İtalya’nın merkezindeki volkanik bir göl olan Bolsena Gölü’nde, Gran Carro’nun batık arkeolojik alanında yapılan çalışmalar sırasında, 3.000 yıllık pişmiş topraktan bir kadın figürü keşfedildi. Dikkat çekici bir şekilde, 3000 yıl su altında kaldıktan sonra, figür hala üreticisinin parmak izlerini taşıyor.

Bu keşif, ziyaretçilerin siteyi benzersiz bir şekilde keşfetmeleri için bir su altı yolunun oluşturulmasını içeren Ulusal Kurtarma ve Dayanıklılık Planının (NRRP) bir parçası olarak yapıldı.

MÖ 10. ve 9. yüzyıllar arasına tarihlenen bitmemiş kil kadın figürü, hazır bir sanat eserinden çok ilk taslağa benziyor. Bununla birlikte, kil işçisinin figürü tam olarak bitirmemiş olması, keşfin istisnai ve benzersiz olarak kabul edilmesini ve güney Etruria’daki erken Demir Çağı’ndaki günlük yaşamın az bilinen yönlerine ışık tutmasını engellemiyor.

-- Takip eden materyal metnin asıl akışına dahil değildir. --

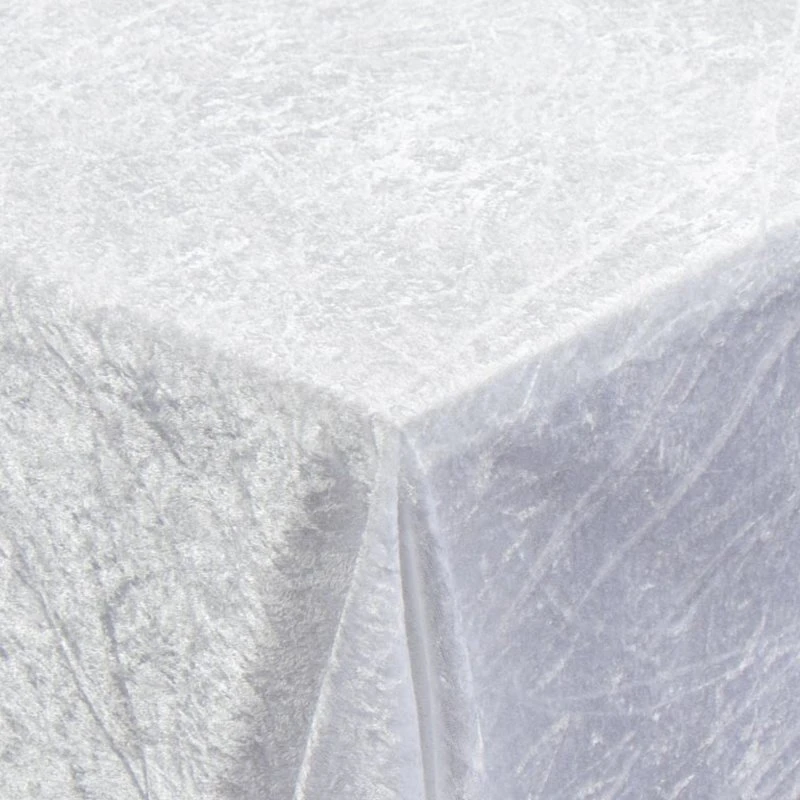 Hvid velour dug 150x300 cm – Nervøs velour (Borg Living)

Heykelcik ince kadınsı özellikler, kötü pişirilmiş kilden yapılmıştır. Şaşırtıcı bir ayrıntı, hala yaratıcısının parmak izlerini ve göğsünün altında bir kumaş deseni izlenimini taşımasıdır, bu da figürün bir tür giysi içinde “giyinmiş” olduğunu ima eder. Altı inç boyunda olan heykelcik, muhtemelen dua ritüellerinde kullanılıyordu.

Fotoğraf: Soprintendenza Archeologia Belle Arti Paesaggio Etruria Meridionale/ Facebook

Araştırmacılar, heykelin muhtemelen ev içi ritüellerde kullanılan bir adak figürü olduğuna inanıyorlar. Bu fikir, araştırmacıların sonraki dönemlere ait benzer figürinlerin diğer örneklerini keşfetmesiyle desteklendi ve bu da bölgede uzun süredir devam eden bir adak heykelcik yaratma geleneğine işaret etti.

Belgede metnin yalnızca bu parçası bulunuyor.